In the first episode Sergei, a Russian developer working for the company gets moved to Devs, the name of the team working on the special project. After learning what the project is, he steals information about the project and tries to escape. Forest, the company’s CEO, catches up with him and has him murdered, proclaiming “This was always going to have happened”.

Our main character is Lily Chan, the Sergei’s boyfriend, who starts to investigate the disappearance of her boyfriend. It’s here where the series starts to fall flat for me. She’s not well cast, and not well written, so her performance falls flat.

When she turns to her ex-boyfriend Jamie for help, he exposition dumps their entire history to her. It feels unnatural and is made worse when things that happen between episodes are also exposition dumped at the beginning of an episode.

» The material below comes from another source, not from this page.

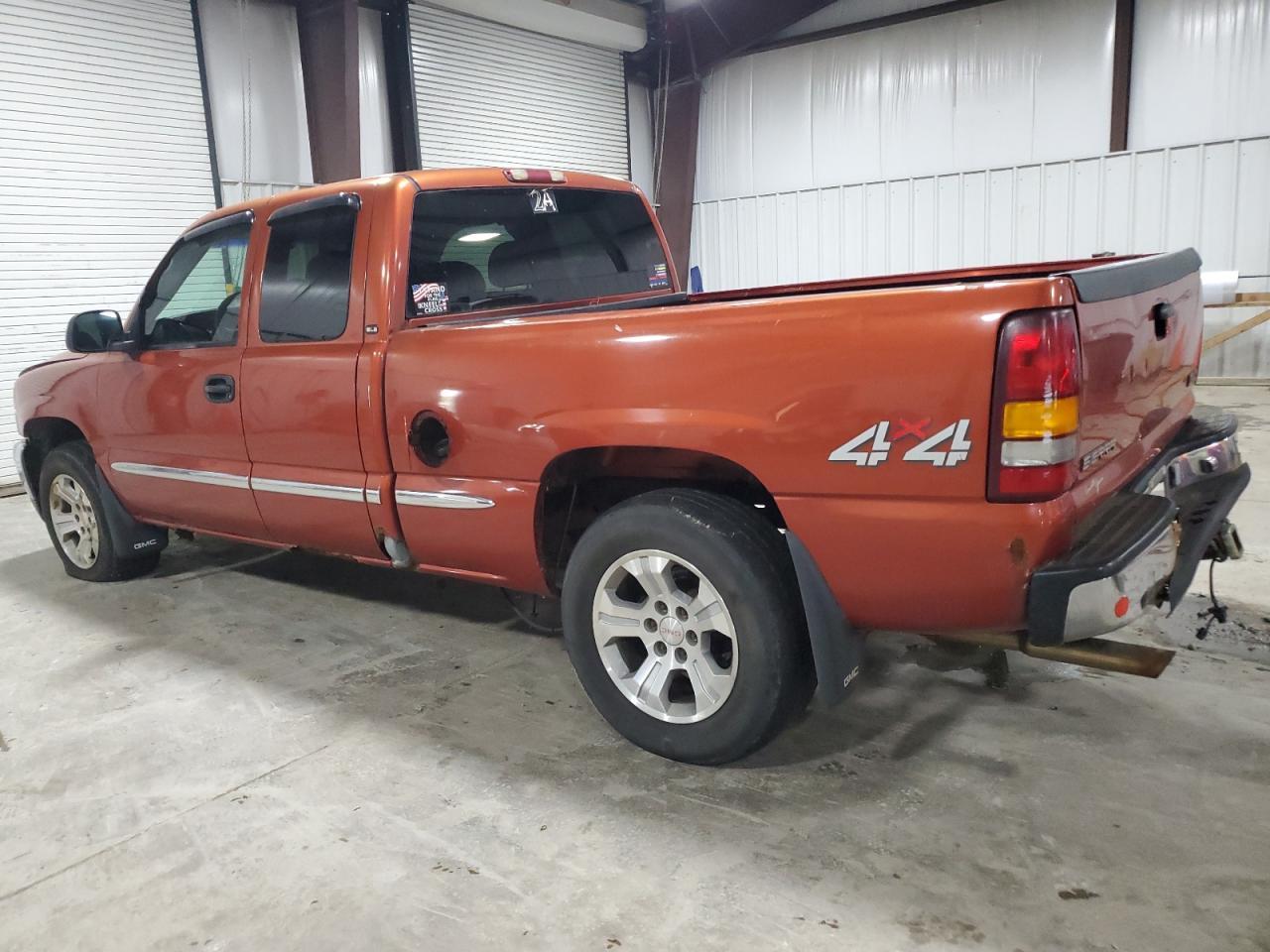 2001 GMC SIERRA 1500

It’s a strange choice, especially when the same information is provided to us multiple times. As an example, in episode 1 we see Sergei getting murdered. In episode 2 we see obviously faked footage of Sergei’s “suicide”, but Lily realises by the end that Sergei was murdered. At the end of episode 3 Lily and Jamie find proof that the suicide footage was fake, and we are shown all over again how the footage was faked. Three times we are given the same information, and it starts to feel like the plot doesn’t want to move forward.

Kenton is a character that seems to go nowhere. He is working for Forest, willing to murder and torture in order to achieve Forest’s goals. He starts to get an arc where he feels betrayed and is almost set up as an antagonist to both Lily and Forest, but then he just disappears from the plot and it goes nowhere.

Eventually the show comes to a conclusion, and it’s one that contradicts itself. At a couple of points in the show, Forest is violently opposed to the many worlds interpretation. We learn he is trying to resurrect his deceased wife and daughter, and he won’t accept anything that takes into account “many worlds” because it needs to be his family from this universe.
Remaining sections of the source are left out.